Exercise prompt –
Reproduce exactly the lines from the start of the records through the line containing "Half Day Jerash", both included. Leave the pictures out.

Records provided –
┏━━

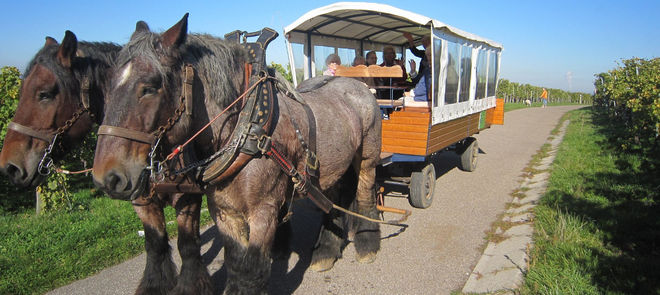 Mit Felix und Max auf dem Kappelberg Pferde ziehen einen Planwagen mit Senioren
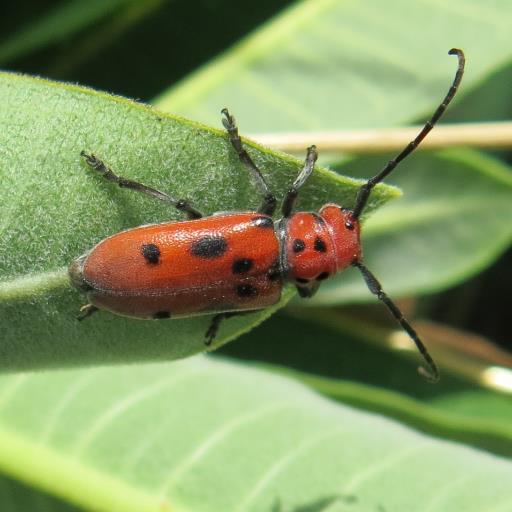 entomologist, bird watcher, nature lover, interested in biodiversity and farming, enjoys anything Ag related.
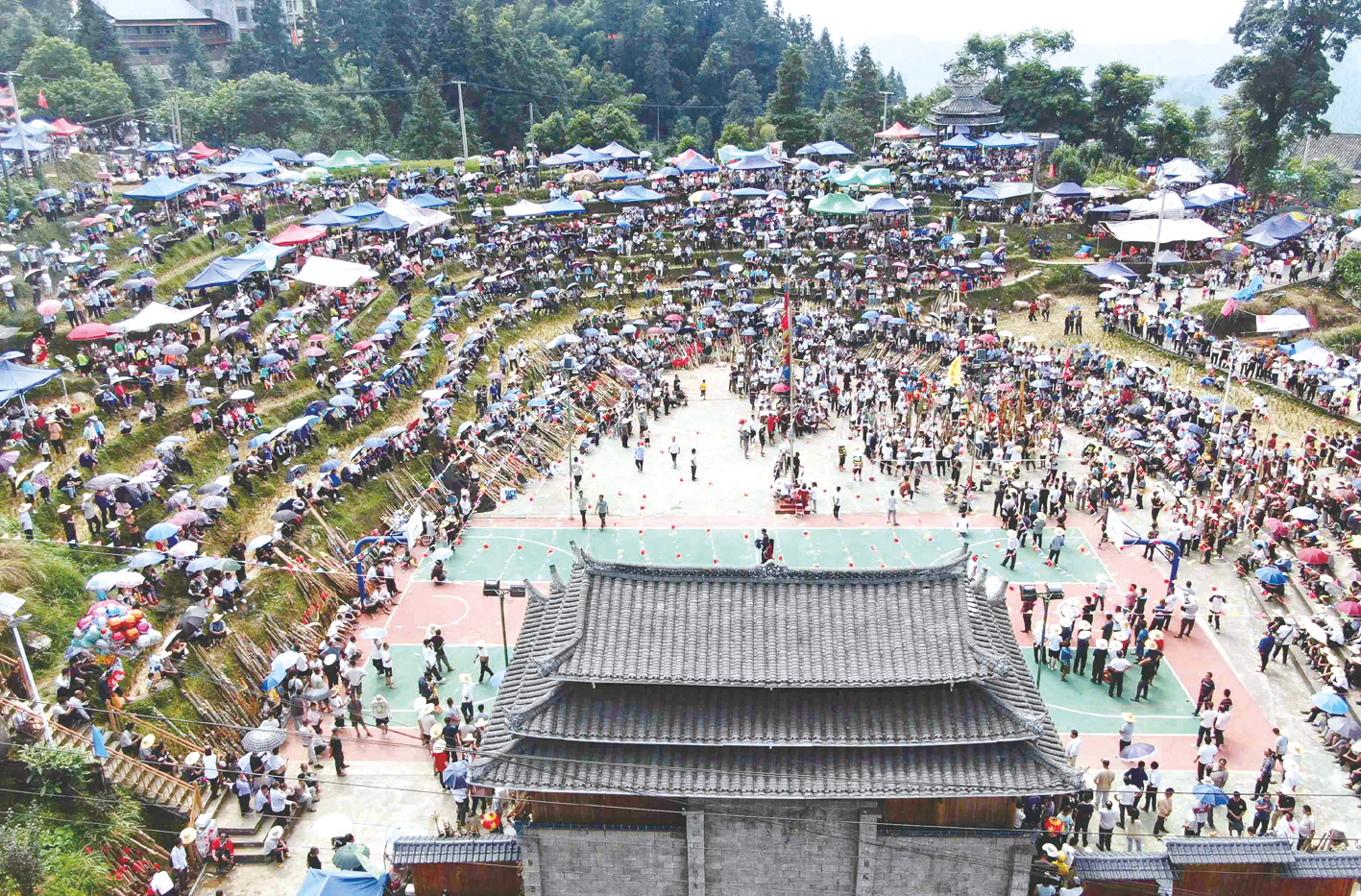 出行方式多點開花 “3C”旅遊出圈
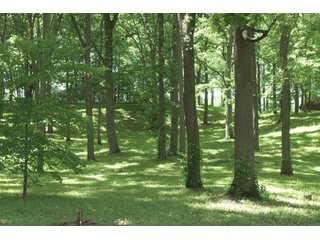 TRACT 4 - REAL ESTATE AUCTION - 2 PRESTIGUOUS HOMES - 66+/- ACRES IN 5 TRACTS IN NOBLE COUNTY, INDIANA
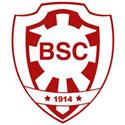 Botafogo BA logo
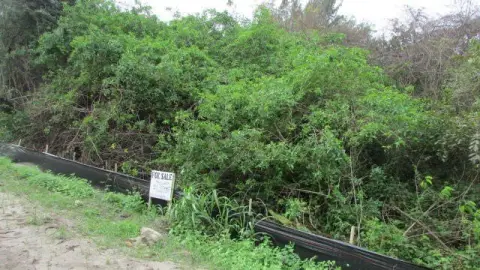 Waterfront Land in Okeechobee, FL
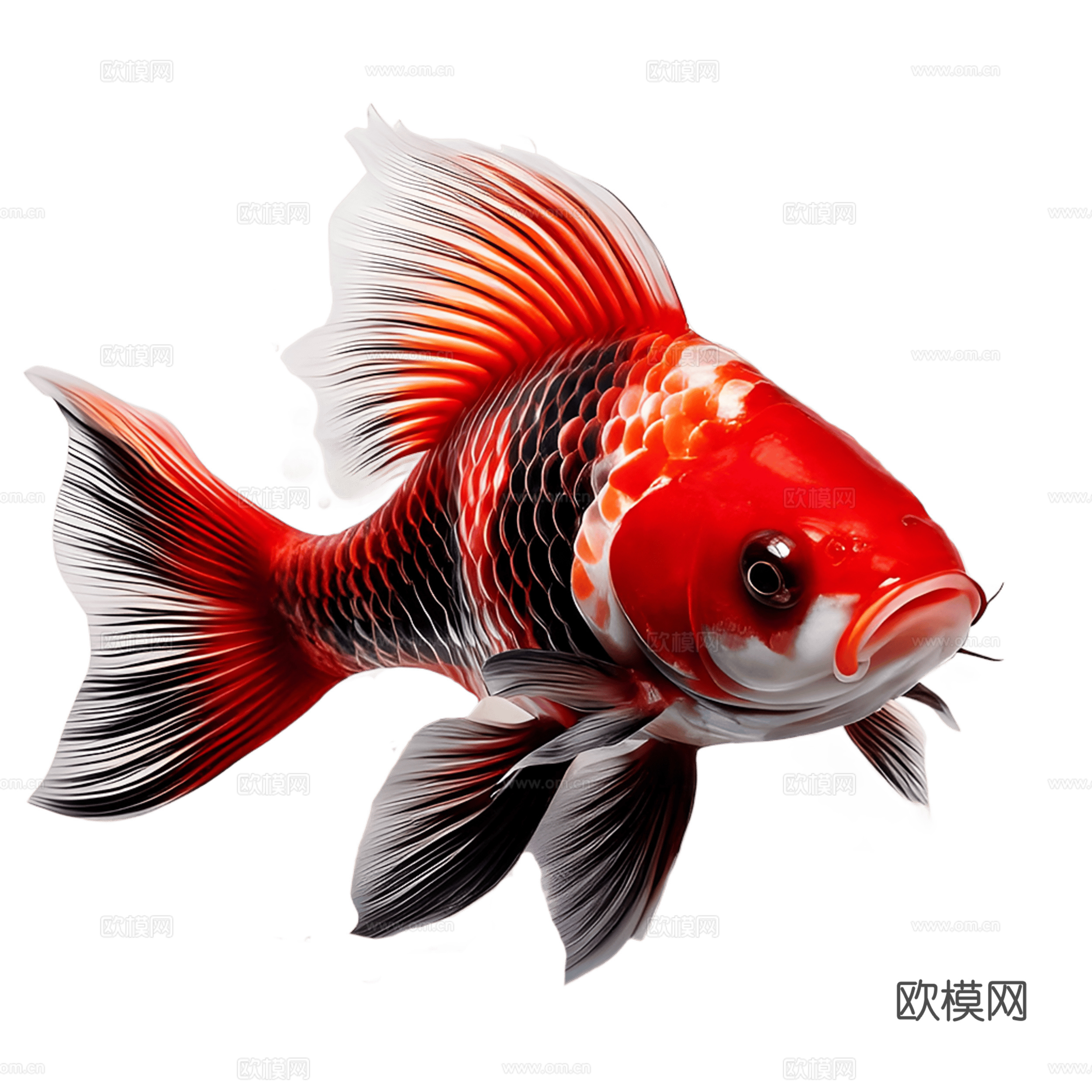 免抠锦鲤 红黑白锦鲤 红白锦鲤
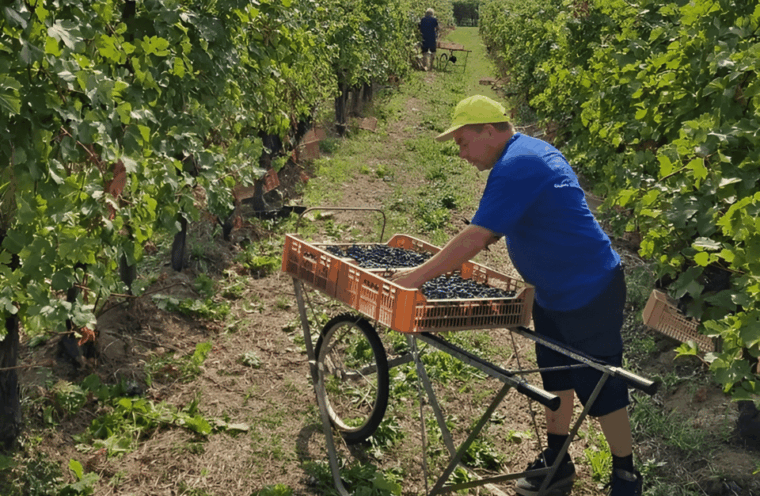 boutique-winery-tour-tasting-in-valpolicella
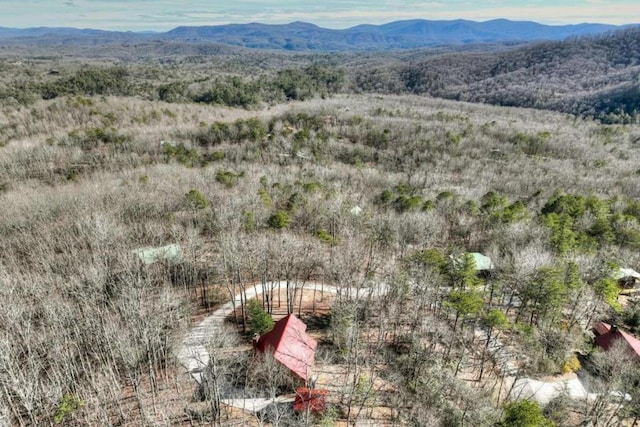 birds eye view of property featuring a mountain view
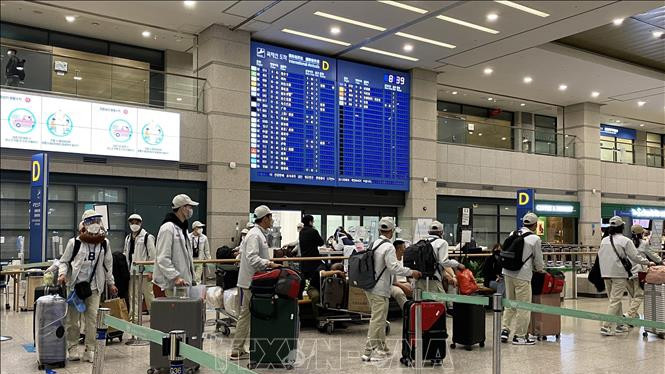 附图。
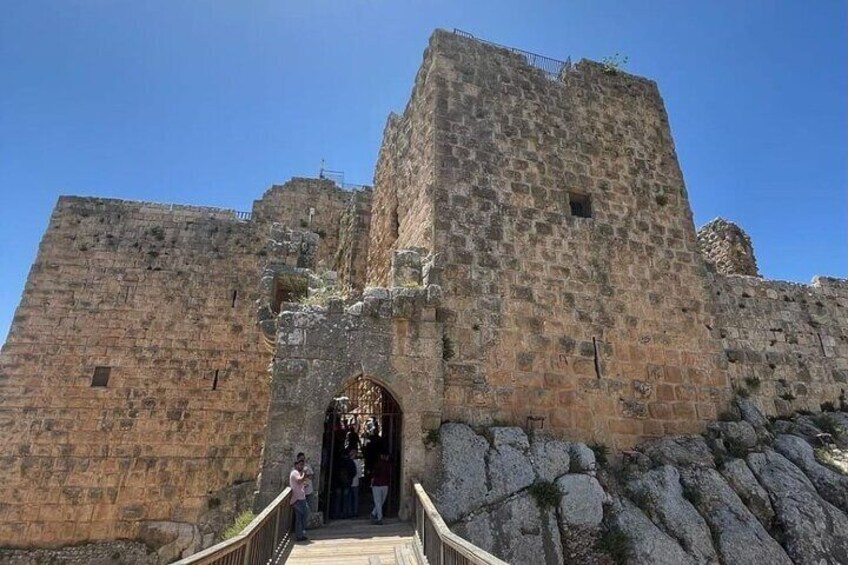 Half Day Jerash & Ajloun Private Guided Tour From Amman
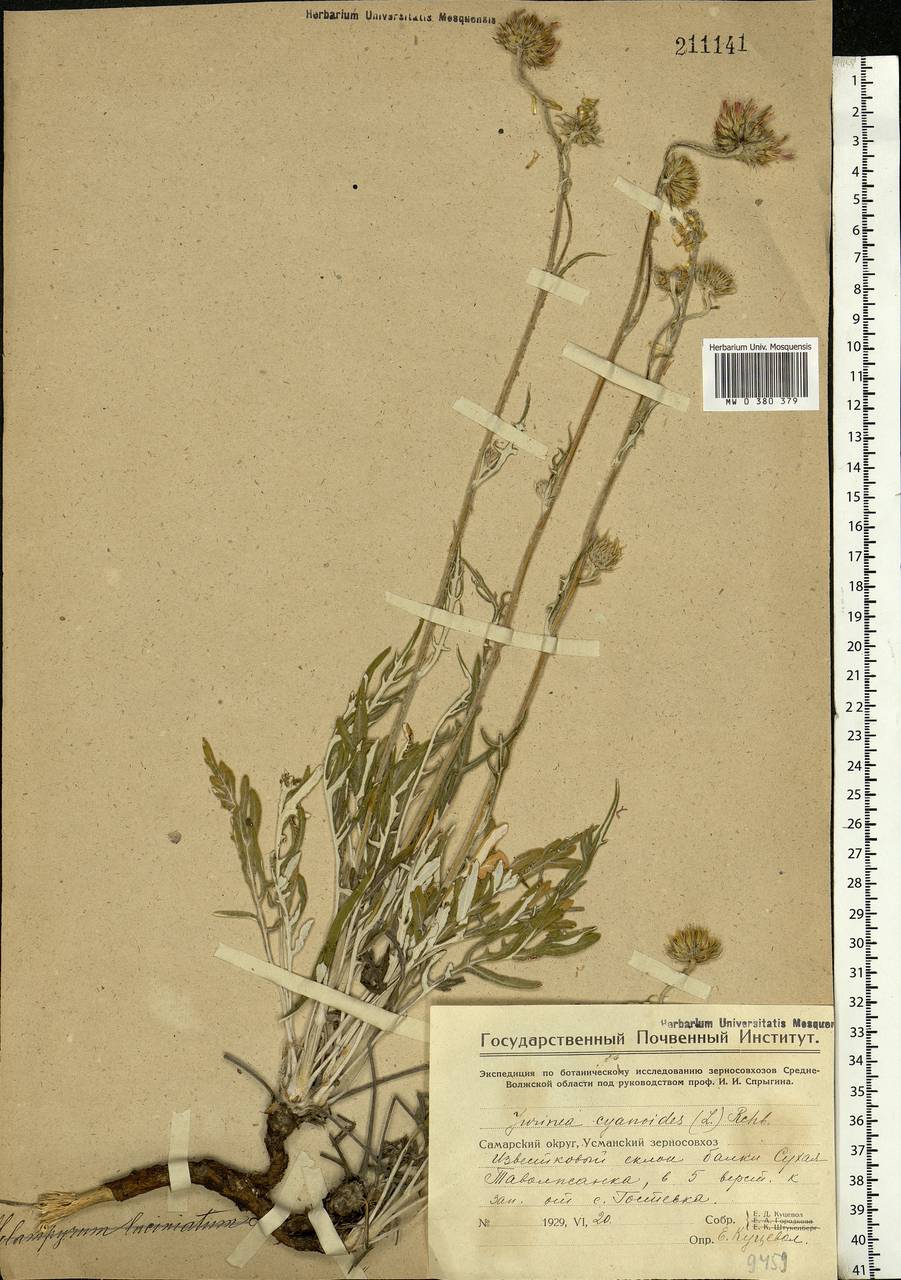 Jurinea cyanoides (L.) Rchb., Eastern Europe, Middle Volga region (E8) (Russia)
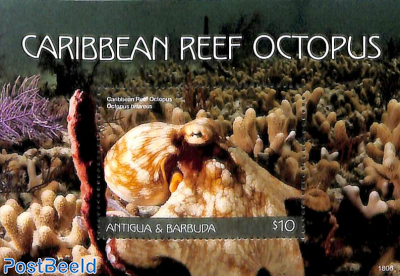 Caribbean Reef Octopus s/s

┗━━

Written reply –
 Mit Felix und Max auf dem Kappelberg Pferde ziehen einen Planwagen mit Senioren
 entomologist, bird watcher, nature lover, interested in biodiversity and farming, enjoys anything Ag related.
 出行方式多點開花 “3C”旅遊出圈
 TRACT 4 - REAL ESTATE AUCTION - 2 PRESTIGUOUS HOMES - 66+/- ACRES IN 5 TRACTS IN NOBLE COUNTY, INDIANA
 Botafogo BA logo
 Waterfront Land in Okeechobee, FL
 免抠锦鲤 红黑白锦鲤 红白锦鲤
 boutique-winery-tour-tasting-in-valpolicella
 birds eye view of property featuring a mountain view
 附图。
 Half Day Jerash & Ajloun Private Guided Tour From Amman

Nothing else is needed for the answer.